С течением времени заживляются душевные раны. 27 августа наш страдающий отец писал из Оук-Парк: «…Сегодня я получил чудесное письмо от Эрнеста, написанное вчера в Петоски. Он пишет о том, что ловил рыбу вместе с Сэмом Ники, прекрасно провел время, и рыбалка была замечательной. Несомненно, он чувствует, что поступил совершенно несправедливо в Уиндмере. Я никоим образом не обсуждал с ним случившееся. Я рад, что он остыл и снова написал своему отцу, который всегда будет любить его и будет продолжать молиться за то, чтобы он был честным, неэгоистичным, по-христиански деликатным джентльменом, а также преданным по отношению к тем, кто любит его. Он решил продолжить рыбалку до конца сезона, я полагаю, что до первого сентября.
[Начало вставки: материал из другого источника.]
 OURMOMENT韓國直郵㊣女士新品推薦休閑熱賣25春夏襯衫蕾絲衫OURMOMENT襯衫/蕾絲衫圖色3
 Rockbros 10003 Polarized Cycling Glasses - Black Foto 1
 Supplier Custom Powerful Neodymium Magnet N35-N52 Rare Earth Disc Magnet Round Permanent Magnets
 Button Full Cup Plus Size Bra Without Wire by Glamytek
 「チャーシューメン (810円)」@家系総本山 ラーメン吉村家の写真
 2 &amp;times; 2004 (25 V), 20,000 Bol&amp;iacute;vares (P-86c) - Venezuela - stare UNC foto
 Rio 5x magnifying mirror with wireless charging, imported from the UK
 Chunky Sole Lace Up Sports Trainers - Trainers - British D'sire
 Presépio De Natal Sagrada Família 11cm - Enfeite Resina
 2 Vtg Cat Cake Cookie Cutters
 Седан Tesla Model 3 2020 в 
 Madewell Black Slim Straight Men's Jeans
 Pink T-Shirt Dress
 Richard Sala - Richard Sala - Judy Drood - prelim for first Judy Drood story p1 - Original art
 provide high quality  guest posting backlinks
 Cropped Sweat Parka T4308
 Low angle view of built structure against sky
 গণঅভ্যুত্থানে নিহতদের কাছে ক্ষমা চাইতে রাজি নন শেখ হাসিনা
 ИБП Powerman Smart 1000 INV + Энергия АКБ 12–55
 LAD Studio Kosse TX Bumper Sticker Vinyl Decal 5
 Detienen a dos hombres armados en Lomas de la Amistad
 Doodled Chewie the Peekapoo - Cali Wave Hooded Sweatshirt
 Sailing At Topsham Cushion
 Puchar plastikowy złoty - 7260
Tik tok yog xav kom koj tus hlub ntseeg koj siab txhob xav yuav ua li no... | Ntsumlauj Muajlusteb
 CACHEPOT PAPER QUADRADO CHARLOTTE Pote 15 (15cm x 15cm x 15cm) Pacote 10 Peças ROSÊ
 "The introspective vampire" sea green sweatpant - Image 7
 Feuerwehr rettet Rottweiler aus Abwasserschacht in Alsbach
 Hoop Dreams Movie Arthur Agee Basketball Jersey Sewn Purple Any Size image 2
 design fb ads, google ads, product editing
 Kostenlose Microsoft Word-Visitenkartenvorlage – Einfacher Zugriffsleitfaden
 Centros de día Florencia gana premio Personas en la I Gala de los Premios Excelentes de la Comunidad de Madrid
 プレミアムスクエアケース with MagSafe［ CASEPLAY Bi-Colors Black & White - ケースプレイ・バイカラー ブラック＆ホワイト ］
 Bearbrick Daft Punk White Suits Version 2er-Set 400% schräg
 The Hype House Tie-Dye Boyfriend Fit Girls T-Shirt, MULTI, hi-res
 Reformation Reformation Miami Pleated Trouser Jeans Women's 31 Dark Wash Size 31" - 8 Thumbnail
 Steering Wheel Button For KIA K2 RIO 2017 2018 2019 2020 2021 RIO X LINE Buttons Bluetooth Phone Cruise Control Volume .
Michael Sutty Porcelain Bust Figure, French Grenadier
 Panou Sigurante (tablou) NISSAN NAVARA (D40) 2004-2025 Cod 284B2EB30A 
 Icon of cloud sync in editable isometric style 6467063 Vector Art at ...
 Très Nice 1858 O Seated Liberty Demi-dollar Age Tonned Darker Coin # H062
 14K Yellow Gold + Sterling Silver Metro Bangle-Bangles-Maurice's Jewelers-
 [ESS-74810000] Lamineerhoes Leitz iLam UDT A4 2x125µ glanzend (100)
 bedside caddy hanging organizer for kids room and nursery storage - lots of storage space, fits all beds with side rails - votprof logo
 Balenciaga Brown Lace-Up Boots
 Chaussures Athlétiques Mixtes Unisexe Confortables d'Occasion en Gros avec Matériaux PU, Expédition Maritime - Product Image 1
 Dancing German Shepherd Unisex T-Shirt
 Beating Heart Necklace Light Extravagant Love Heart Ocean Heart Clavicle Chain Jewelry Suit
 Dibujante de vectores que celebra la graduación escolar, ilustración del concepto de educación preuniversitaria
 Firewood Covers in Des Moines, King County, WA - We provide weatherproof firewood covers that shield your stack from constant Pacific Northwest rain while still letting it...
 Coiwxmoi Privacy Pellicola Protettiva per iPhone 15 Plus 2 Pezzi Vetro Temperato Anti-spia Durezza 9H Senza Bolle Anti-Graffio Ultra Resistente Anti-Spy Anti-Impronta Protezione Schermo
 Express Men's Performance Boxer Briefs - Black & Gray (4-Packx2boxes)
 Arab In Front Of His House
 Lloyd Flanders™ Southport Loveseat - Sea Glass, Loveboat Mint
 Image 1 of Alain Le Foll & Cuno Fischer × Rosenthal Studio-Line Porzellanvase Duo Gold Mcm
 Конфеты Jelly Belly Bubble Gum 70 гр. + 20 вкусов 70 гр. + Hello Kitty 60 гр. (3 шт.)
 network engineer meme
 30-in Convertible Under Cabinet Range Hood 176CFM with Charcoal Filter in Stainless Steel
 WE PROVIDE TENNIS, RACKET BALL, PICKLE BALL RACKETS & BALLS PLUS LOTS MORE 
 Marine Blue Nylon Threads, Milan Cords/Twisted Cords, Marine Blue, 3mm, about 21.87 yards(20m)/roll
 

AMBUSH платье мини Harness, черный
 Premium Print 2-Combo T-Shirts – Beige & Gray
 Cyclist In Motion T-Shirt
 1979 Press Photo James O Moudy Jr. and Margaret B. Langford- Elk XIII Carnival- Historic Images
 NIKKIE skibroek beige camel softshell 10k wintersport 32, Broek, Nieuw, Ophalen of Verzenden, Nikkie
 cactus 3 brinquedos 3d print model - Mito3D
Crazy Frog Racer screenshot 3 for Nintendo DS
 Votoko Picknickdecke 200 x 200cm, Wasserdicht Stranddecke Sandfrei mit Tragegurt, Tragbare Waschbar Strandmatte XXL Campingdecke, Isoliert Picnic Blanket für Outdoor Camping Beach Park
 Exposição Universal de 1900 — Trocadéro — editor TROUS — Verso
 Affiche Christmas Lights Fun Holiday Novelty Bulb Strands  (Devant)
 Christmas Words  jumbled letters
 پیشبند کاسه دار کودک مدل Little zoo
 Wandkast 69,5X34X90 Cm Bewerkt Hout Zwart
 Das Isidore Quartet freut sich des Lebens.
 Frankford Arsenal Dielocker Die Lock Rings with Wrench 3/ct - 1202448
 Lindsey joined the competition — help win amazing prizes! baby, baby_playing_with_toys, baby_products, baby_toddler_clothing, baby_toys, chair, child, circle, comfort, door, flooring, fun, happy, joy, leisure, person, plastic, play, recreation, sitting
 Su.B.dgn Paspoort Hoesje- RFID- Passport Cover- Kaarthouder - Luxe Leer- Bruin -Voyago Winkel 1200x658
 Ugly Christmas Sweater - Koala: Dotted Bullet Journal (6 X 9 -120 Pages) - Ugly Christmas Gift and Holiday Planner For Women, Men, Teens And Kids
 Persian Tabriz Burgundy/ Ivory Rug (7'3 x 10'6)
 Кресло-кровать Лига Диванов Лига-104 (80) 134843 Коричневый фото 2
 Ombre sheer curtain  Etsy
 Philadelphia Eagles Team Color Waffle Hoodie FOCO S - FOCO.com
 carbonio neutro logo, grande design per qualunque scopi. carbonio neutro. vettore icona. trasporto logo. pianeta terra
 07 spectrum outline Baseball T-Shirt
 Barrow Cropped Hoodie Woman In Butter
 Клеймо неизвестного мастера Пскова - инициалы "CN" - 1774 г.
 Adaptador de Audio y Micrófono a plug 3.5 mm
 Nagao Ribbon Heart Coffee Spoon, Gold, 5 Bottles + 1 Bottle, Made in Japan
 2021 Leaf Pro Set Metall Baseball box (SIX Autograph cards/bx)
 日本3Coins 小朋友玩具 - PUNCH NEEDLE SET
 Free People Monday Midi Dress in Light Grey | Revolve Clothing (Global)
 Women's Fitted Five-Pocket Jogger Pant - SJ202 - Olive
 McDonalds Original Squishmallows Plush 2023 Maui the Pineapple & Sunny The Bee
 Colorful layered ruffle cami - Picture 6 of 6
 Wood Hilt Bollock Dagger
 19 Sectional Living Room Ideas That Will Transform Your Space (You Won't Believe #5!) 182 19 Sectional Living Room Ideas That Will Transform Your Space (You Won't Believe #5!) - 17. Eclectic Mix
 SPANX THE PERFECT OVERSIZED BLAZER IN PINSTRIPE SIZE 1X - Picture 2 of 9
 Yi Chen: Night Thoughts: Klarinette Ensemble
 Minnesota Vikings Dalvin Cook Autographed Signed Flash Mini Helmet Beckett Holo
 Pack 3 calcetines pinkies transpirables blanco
Он собирался ловить осетра. Так что я надеюсь, ты совершишь поездку в Бэй к началу недели…»
И далее:
«Это был идеальный день для сбора урожая. Я страстно желал побродить по полям, насладиться жизнью на открытом воздухе. Я получил такое прекрасное письмо от Уоррена. Скоро он планирует приехать и помочь мне вспахать… Составь список того, что мне нужно привезти для тебя. Это случится не ранее пятнадцатого числа, а может быть, чуть позже. Мне еще предстоит принять роды у трех женщин, после чего я смогу приехать. Мой старый друг Питер будет завтра весь день у меня. Он поможет почистить ковры и привести в порядок дом. Я завершил приготовление уксуса для маринада на следующий год, получилось целых двадцать четыре кварты. Он прекрасный и острый. Он доставит радость нашим знакомым. Я уверен, ты торжествуешь по поводу полного равноправия для женщин и утверждения девятнадцатой поправки. В старом добром Теннесси ловко все провернули».